The NAT setup is simpler and more flexible, that’s what we will use.

All the containers will be connected to their own L2 network using a bridge interface. This interface is managed by systemd, created when the first container using it is spawned. Here is a small diagram to explain how we want the network to look like:

   /---------\
   |   WAN   |
   \---------/
        |
        | < NAT
        |
 +----------------------------------------------------+
 |                 bridge: vz-prolo                   |
 +-+===========+----+============+------+===========+-+
   | if: vb-gw |    | if: vb-web |      | if: vnet0 |
   +-----------+    +------------+      +-----------+
       |                 |                   |
       | < veth          | < veth            | < VM interface
       |                 |                   |
   +-------+         +-------+           +------+
   | host0 |         | host0 |           | ens3 |
o--+=======+----o o--+=======+-----o  o--+======+--o
| container: gw | | container: web |  | VM: r00p01 |
o---------------o o----------------o  o------------o

Veth type interfaces what we will use) linked to a bridge will have the name host0. systemd-networkd provides a default configuration (80-container-host0.network) file that enable DHCP on them. With the NAT rule managed by systemd-networkd and that, the internet will be accessible out-of-the-box in the containers. The only remaining configuration to do being the DNS resolver (/etc/resolv.conf).

Setting up gw manually

Let’s boot the first container: gw

Everything starts with an empty directory. This is where we will instantiate the file system used by gw:

$ mkdir gw

Use the Arch Linux install script from the sadm repository to populate it. Here is how to use it:

# ./install_scripts/bootstrap_arch_linux.sh /path/to/container machine_name ./file_containing_plaintest_root_pass

We suggest storing the password in a text file. It’s a good way to be able to to reproduce the setup quickly. If you don’t want that, just create the file on the fly or delete it afterwards.
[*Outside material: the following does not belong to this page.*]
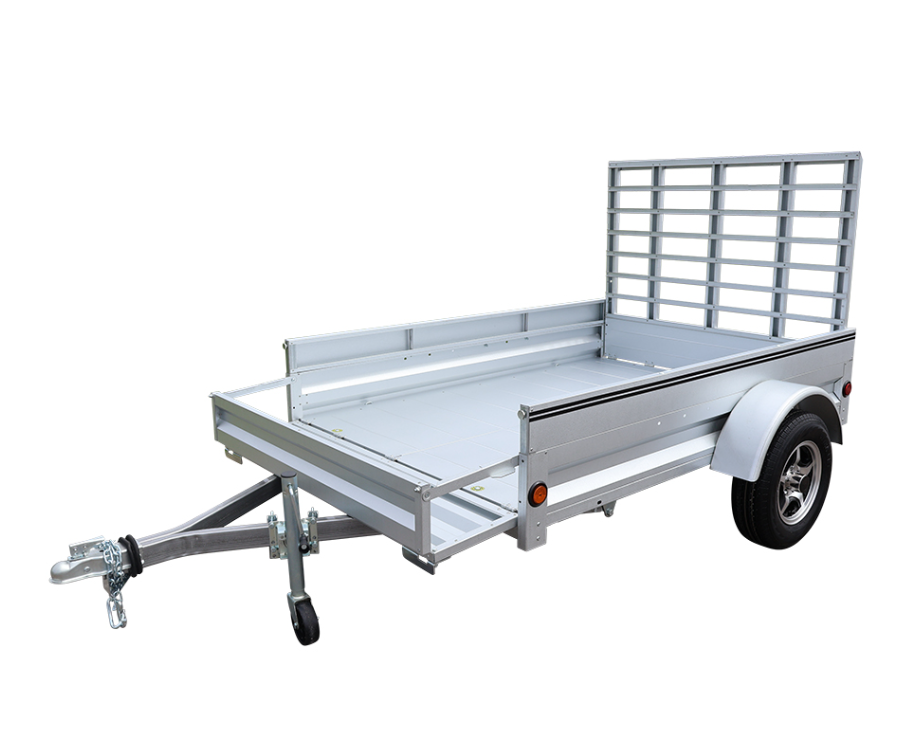 *Coming Soon* 2026 Stirling 5'x7' Solid Side Utility Trailer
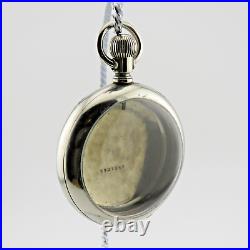 18S, Philadelphia W. C. Co, Triple- hinge, antique pocket watch case (TA-5)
The first system we build is gw, so let’s create the container accordingly. Run it as root:

# ./install_scripts/bootstrap_arch_linux.sh /path/to/gw gw ./plaintest_root_pass

Packages will get installed a few scripts run to configure the Arch Linux system. This is the same script we use for the bare metal or VM setup.

Then, start the container with a virtual ethernet interface connected to the vz-prolo network zone, a bridge interface managed by systemd, as well an ipvlan interface linked to your uplink:

# systemd-nspawn --boot --directory /path/to/gw --network-zone=prologin

Note

To exit the container, press ‘ctrl+]’ three time. systemd-nspawn told you that when it started, but there is good chance you missed it, so we are putting it here just for you :)
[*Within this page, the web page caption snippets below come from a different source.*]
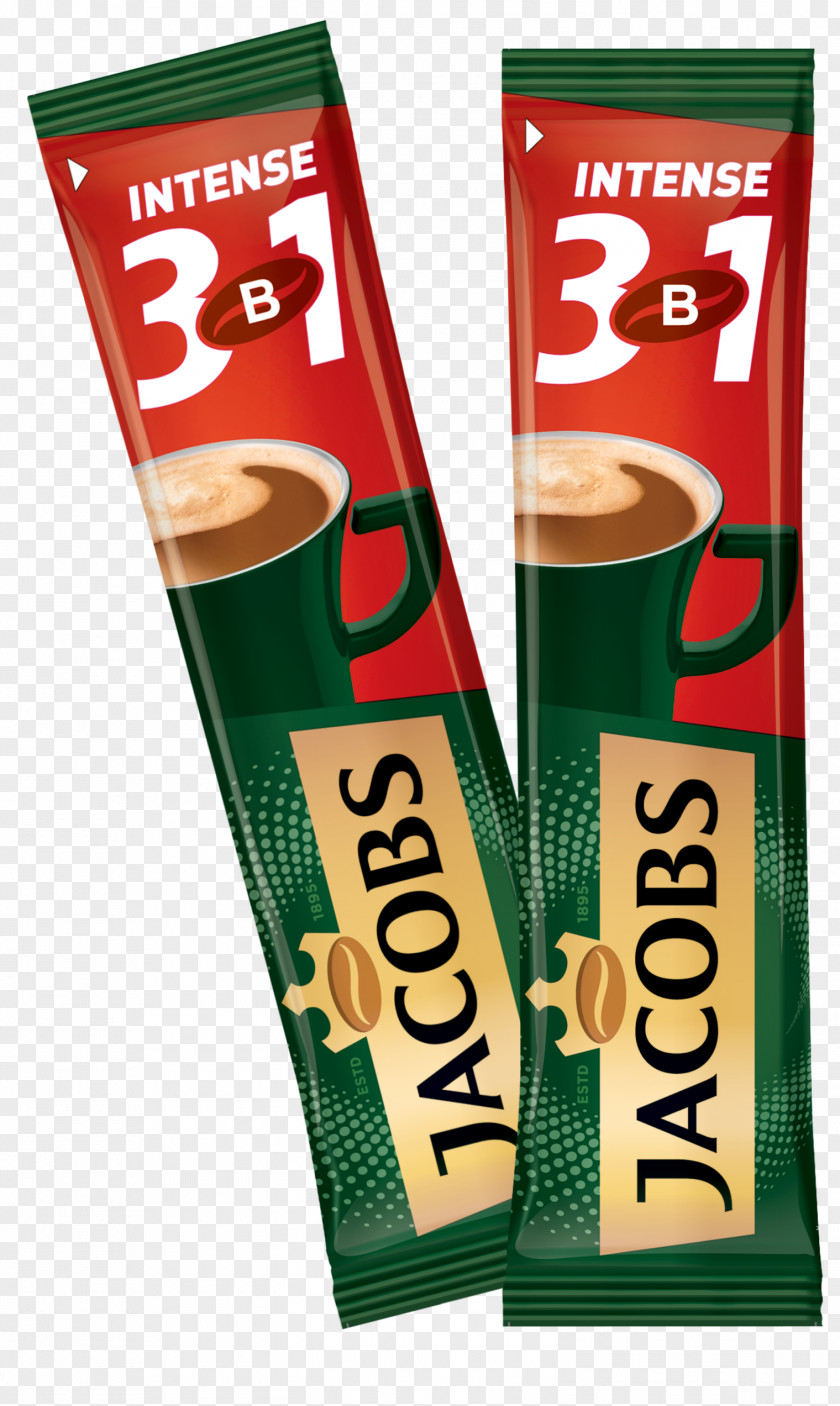 Coffee Instant Latte Cappuccino Jacobs PNG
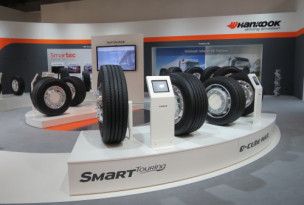 Hankook Tire IAA 2016 1 Travelarz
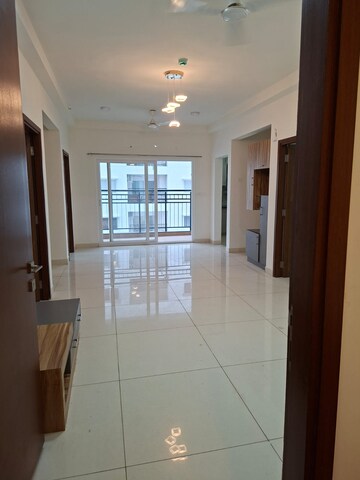 Building Lobby in 3 BHK Apartment at My Home Tridasa, Tellapur – for Rent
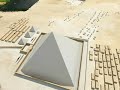 Pyramid Fly Through Khufu - Kheops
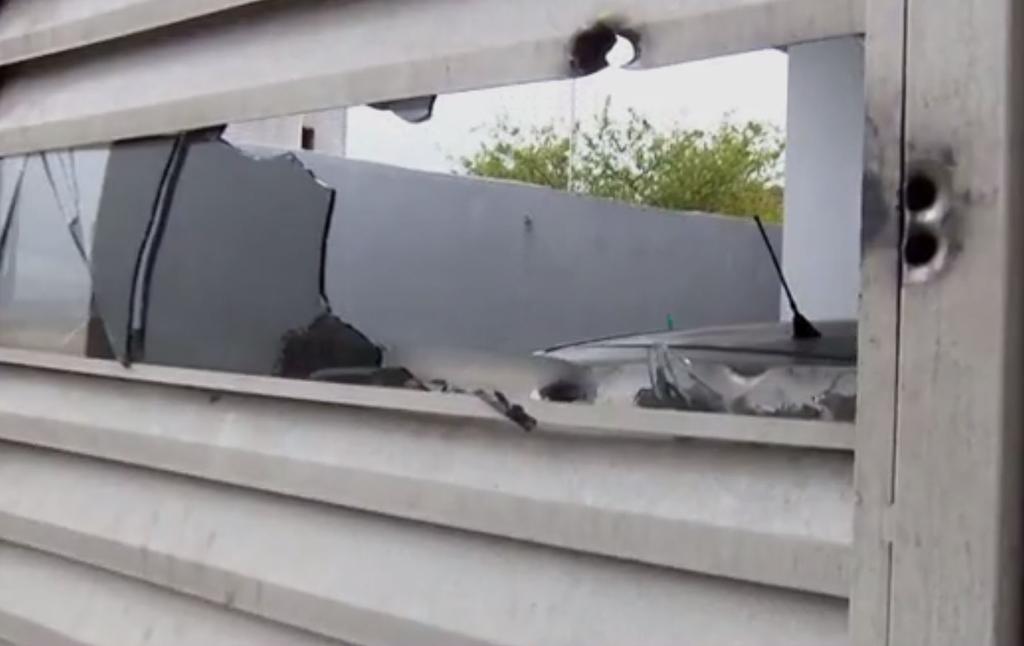 Pelo menos dez corpos teriam chegado ao IML de Londrina entre a noite de sexta-feira (29) e a madrugada deste sábado (30), entre eles o corpo do policial militar Cristiano Luiz Bottino, assassinado em um condomínio. | Reprodução/RPCTV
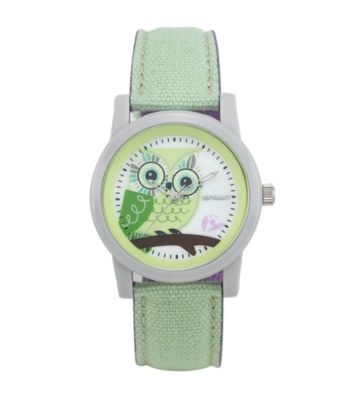 Sprout® Green Eco-Friendly Watch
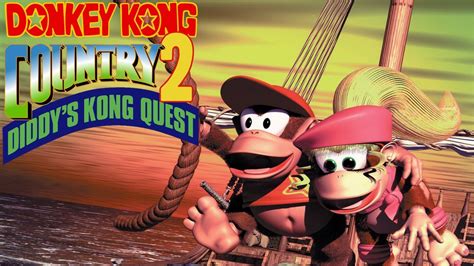 David Wise Is Most Proud Of His Donkey Kong Country 2 Soundtrack - My ...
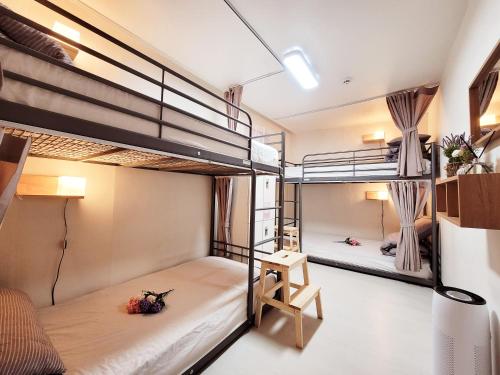 YAB-GuestHouse, FemaleOnly, ForeignOnly, Seúl (foto 5)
You should see systemd booting, all the units should be OK except Create Volatile Files and Directories. which fails because /sys/ is mounted read-only by systemd-nspawn. After the startup you should get a login prompt. Login as root and check that you see the virtual interface named host0 in the container using ip link:

# ip link
1: lo: <LOOPBACK,UP,LOWER_UP> mtu 65536 qdisc noqueue state UNKNOWN mode DEFAULT group default qlen 1
    link/loopback 00:00:00:00:00:00 brd 00:00:00:00:00:00
2: host0@if3: <BROADCAST,MULTICAST,UP,LOWER_UP> mtu 1500 qdisc noqueue state UP mode DEFAULT group default qlen 1000
    link/ether e6:28:86:d2:de:6e brd ff:ff:ff:ff:ff:ff link-netnsid 0

The host system should have two new interfaces:

  • vz-prolo, a bridge type interface.

  • vb-gw, a veth device whose master is vz-prolo, meaning it’s wired in this bridge.

Both these interface have an extra @... suffix. It is not part of the interface name and simply indicates their peer interface.

If you are running systemd-networkd on your host system, with the default configuration files, the vz-prolo interface will get an IP from a private subnet and a MASQUERADE rule will be inserted into iptables. You can start systemd-networkd inside the container to get an IP in the vz-prologin network, which will be NAT’ed to your uplink.

For some reason host0 cannot be renamed to prologin by a systemd-networkd .link file. What needs to be changed to account for that is:

  • The firewall configuration

You can do the usual install, with the following changes:

  • In prologin.network, in [Match], set Name=host0 to match the virtualized interface.

What will not work:

  • Some services are disabled when run in a container, for example systemd-timesyncd.service.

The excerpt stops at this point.